Tetap berpikir positif, kuat, sehat jiwa dan raga serta memohon kekuatan pada Tuhan, agar kita terus disertai dalam menghadapi wabah ini. Waktu yang Tuhan berikan dengan wabah ini, dapat kita manfaatkan untuk melakukan hal yang positif, baik untuk diri pribadi, sesama dan terutama untuk bumi ini.
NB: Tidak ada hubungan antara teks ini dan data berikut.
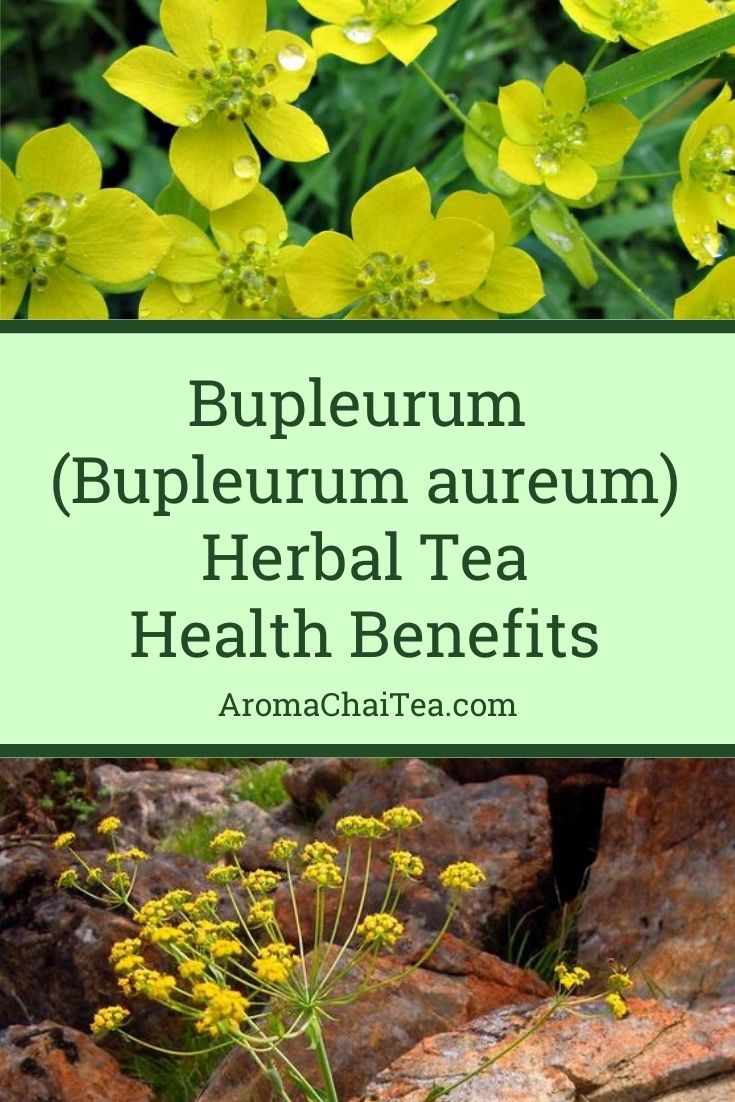 Bupleurum (Bupleurum aureum) Health benefits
Percaya, esok akan lebih baik.

bunga

Salam sehat.

 

 

 

 


6 thoughts on “Perubahan 180 Derajat

  1. Iya nih mbak,
    ternyataaaa… ada banyak hikmah yang aku temui selama physical distancing ini, terisolir dari dunia luar bersama keluarga, walau aku sesekali masih menyempatkan ketemu ibuku,

    antara lain, aku ternyata suka sekali makan masakan rumah sehingga jadi rajin masak

    aku juga banyak menghasilkan karya di rumah, karena tidak terdistraksi bepergian, tidak meeting, tidak event, tidak ada kegiatan antar jemput anak sekolah dan les

    hikmah lain yang membuat aku merinding,
    selain jadi makan dan minum yang sehat (jamu dan temulawak sama air rebusan sirih dan wedang uwuh wajib) — aku dan sekeluarga jadi rajin beribadah!

    magrib biasanya kami tidak pernah bareng, dan ini jadi agenda rutin – sholat bareng dengan bang Dho jadi imam, Dio dan Derry bergantian qomat, serta ngaji usai sholat, buatku ini hikmah terbesar dalam keluarga!

    semoga kita terjaga sehat dan selamat menjalani hari yad, dan mbak Dita yang jelas masih harus berjuang di negara lain, diberi keselamatan juga amiiin

  2. Aamiin,,,, Amin…. ada hikmah yang bisa kita ambil dan petik ya mbak.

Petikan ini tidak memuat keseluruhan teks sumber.